ANKARA: Turkey’s ambitions to become a regional leader with a “zero problems” foreign policy have been left in tatters by the Syrian civil war, rising sectarian tensions and a fresh diplomatic fallout with Egypt.
The predominantly Sunni Muslim Nato member state is now seeking to mend fences with Shia powers Iraq and Iran to restore its waning clout in the Middle East in the wake of the Arab spring uprisings.
The Syrian conflict has upset the balance of power in Turkey’s backyard and dealt a blow to Prime Minister Recep Tayyip Erdogan’s lofty regional goals, his stature on the international stage also tarnished by the wave of anti-government protests that gripped the country in June.
Disputes with Israel, Cyprus and Armenia also linger on, while the spat with Cairo came to a head Saturday when Egypt’s military rulers expelled Turkey’s ambassador over Erdogan’s support for ousted Islamist president Mohamed Mursi. “Today Turkey is a country which is drifting alone in a vacuum,” said Faruk Logoglu, deputy head of the secular Republican People’s Party (CHP) and a former ambassador to Washington.
Turkey now has no ambassadors in three key regional states: Egypt, Israel and Syria. “In fact there is ‘no zero problem’ policy left to talk about,” said Sinan Ulgen, chairman of the Istanbul Centre for Economics and Foreign Policy Studies.
“Turkey failed to respond through realistic diplomatic moves to the changes in the region in the aftermath of the Arab spring,” he said. Erdogan, accused by critics of becoming increasingly authoritarian after 11 years at the head of a government with its roots in conservative political Islam, defiantly defended his actions as ensuring that Turkey was on the side of the righteous.
“We have supported the struggle for democracy in the world. We never respect those who do not respect the people’s sovereign rights,” he said.
But Ulgen warned the crisis with Egypt would also have wider repercussions, including an impact on Ankara’s partnership with the oil-rich Gulf monarchies. Turkey, he said, was now on a “quest for a new balance” in its foreign policy, hence the overtures to Iraq and Iran.
Ankara’s relations with the two Shia-led powers have been strained since the Syrian uprising erupted in 2011, leaving them on opposite sides of the war.

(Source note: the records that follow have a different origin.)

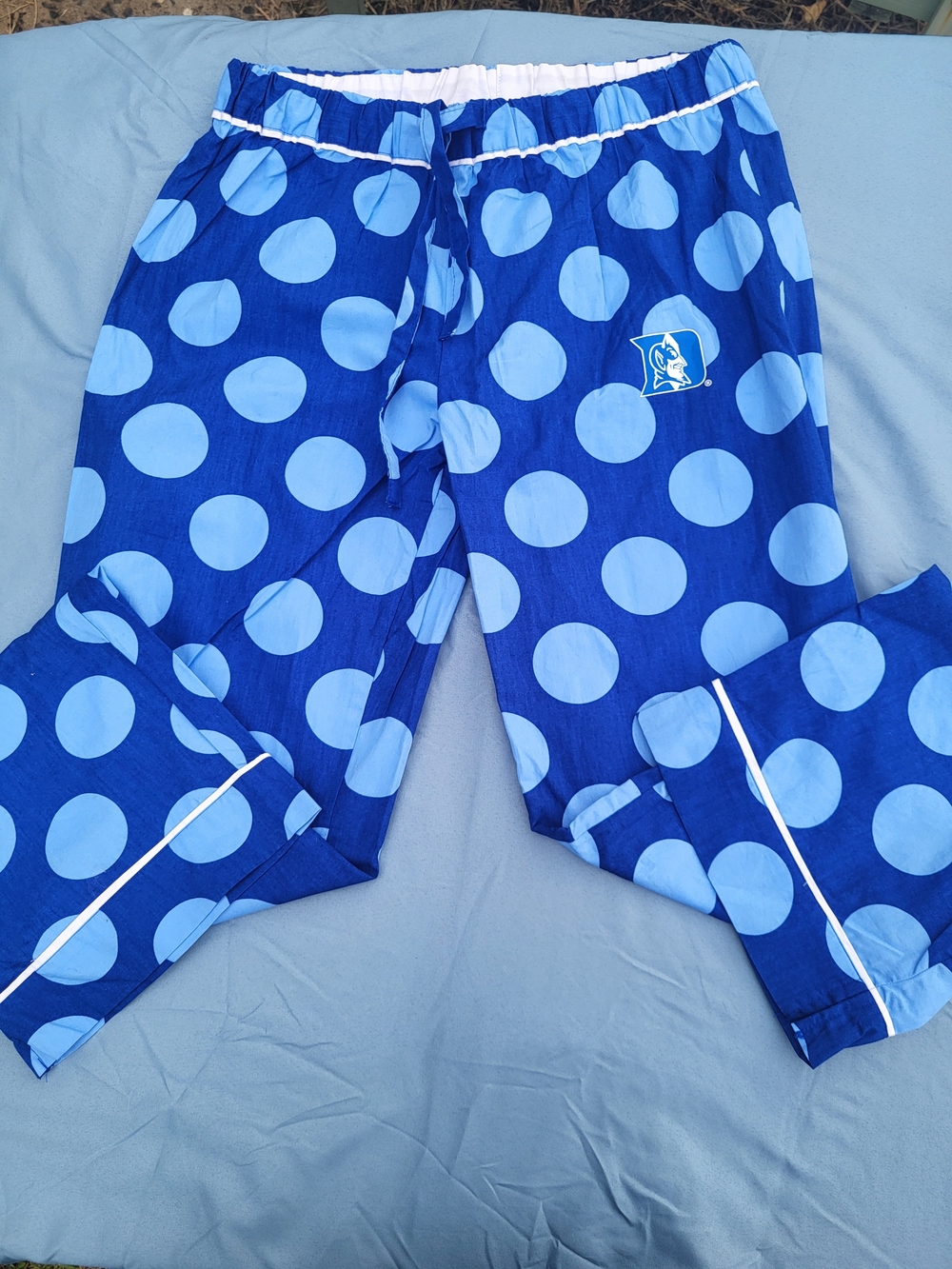 Duke Blue Polka Dot Women’s Pajama Pants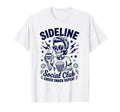 Sideline Social Club Skeleton Soccer T-Shirt - Trendy Graphic Unisex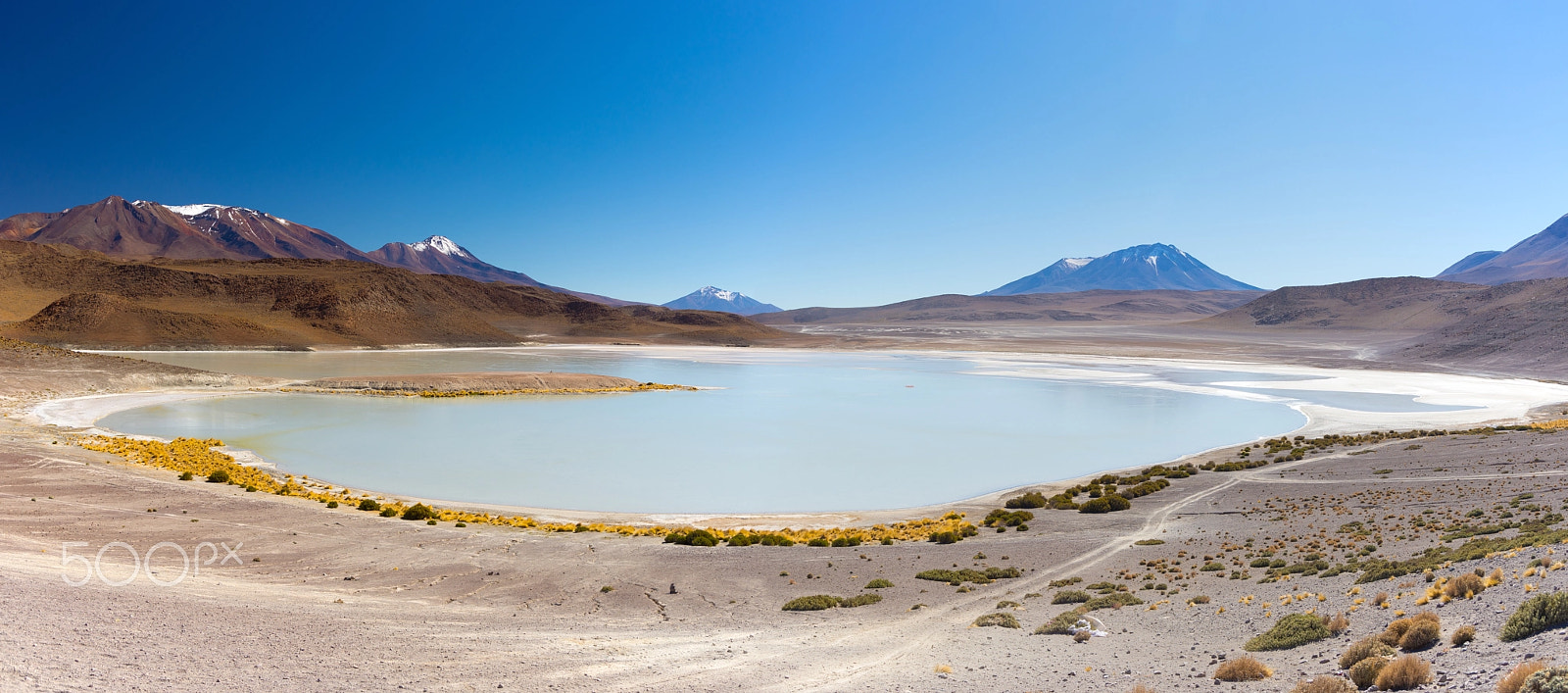 AF Zoom-Nikkor 28-70mm f/3.5-4.5D sample photo. Panoramic view of frozen salt lake on the bolivian andes photography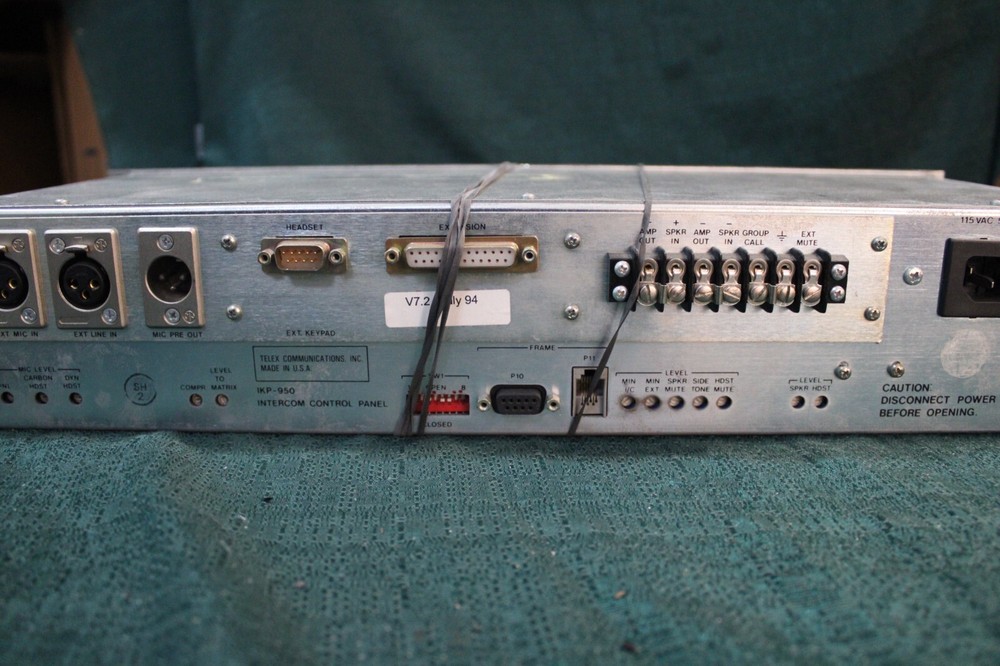 RTS Systems CS9500 Matrix Intercom System IKP-950 Intercom Control Panel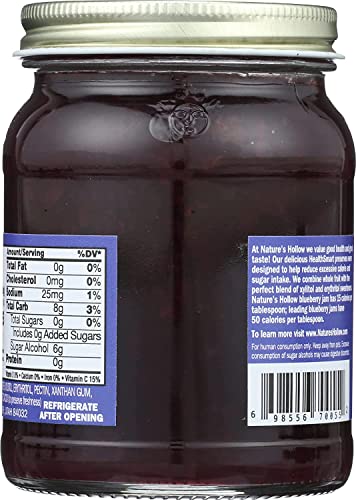 Nature's Hollow, Sugar-Free Blueberry Jam Preserves, On Gmo, Keto Friendly, Vegan And Gluten Free - 10 Ounce #TOP1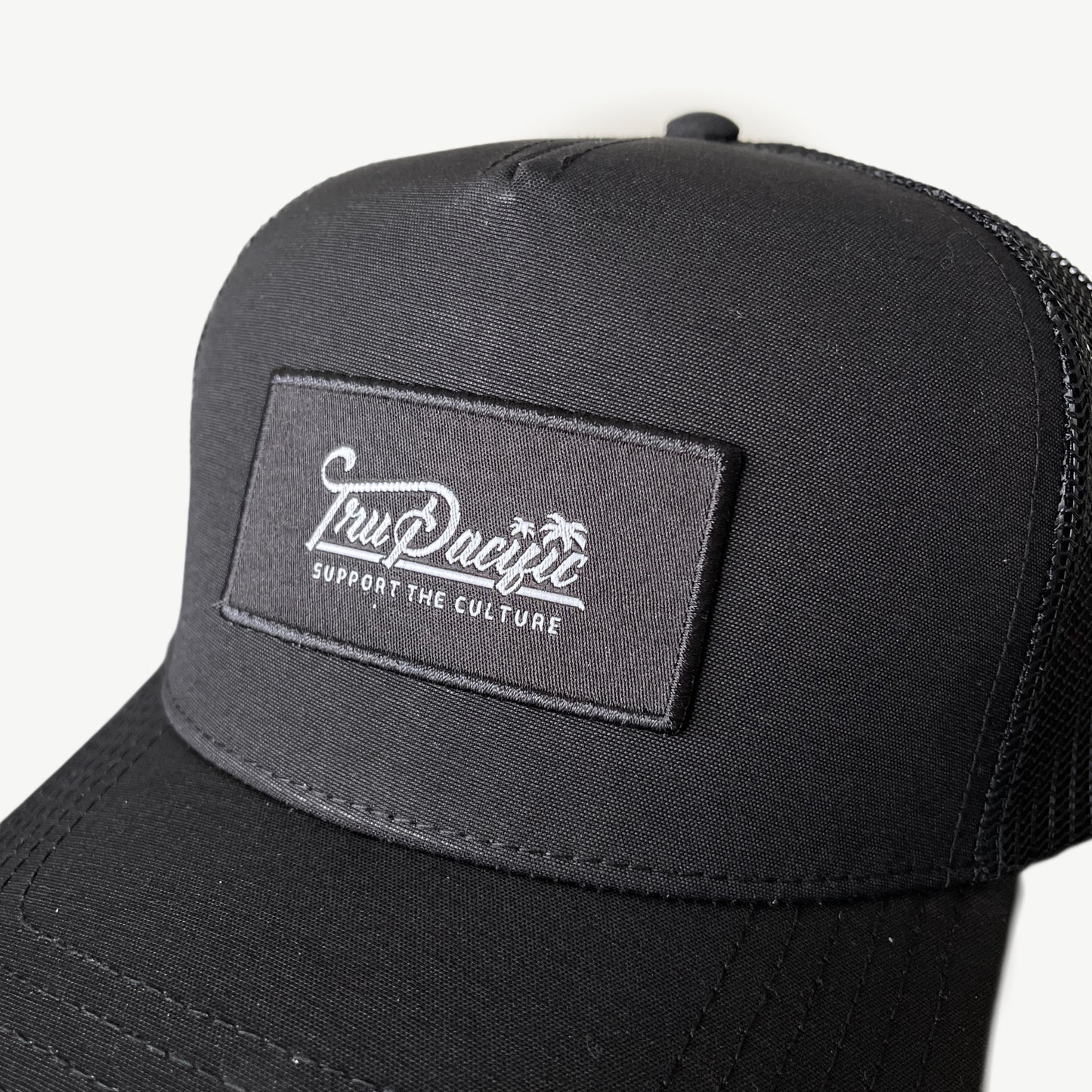 Tru Pacific Script Trucker Hat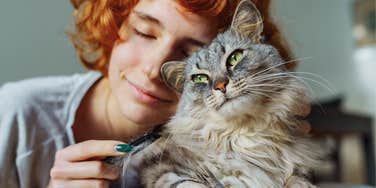 Woman who adopted the sassy shelter cat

Faysal Itani from the Atlantic Council, a US think tank, said Turkey’s “early aggressive stance” against President Bashar al-Assad’s regime and its fervent support for the rebels had alienated its neighbours. “Turkey probably saw this as a price worth paying. But I imagine they did not expect the regime to hold out against the rebels for so long,” Itani said.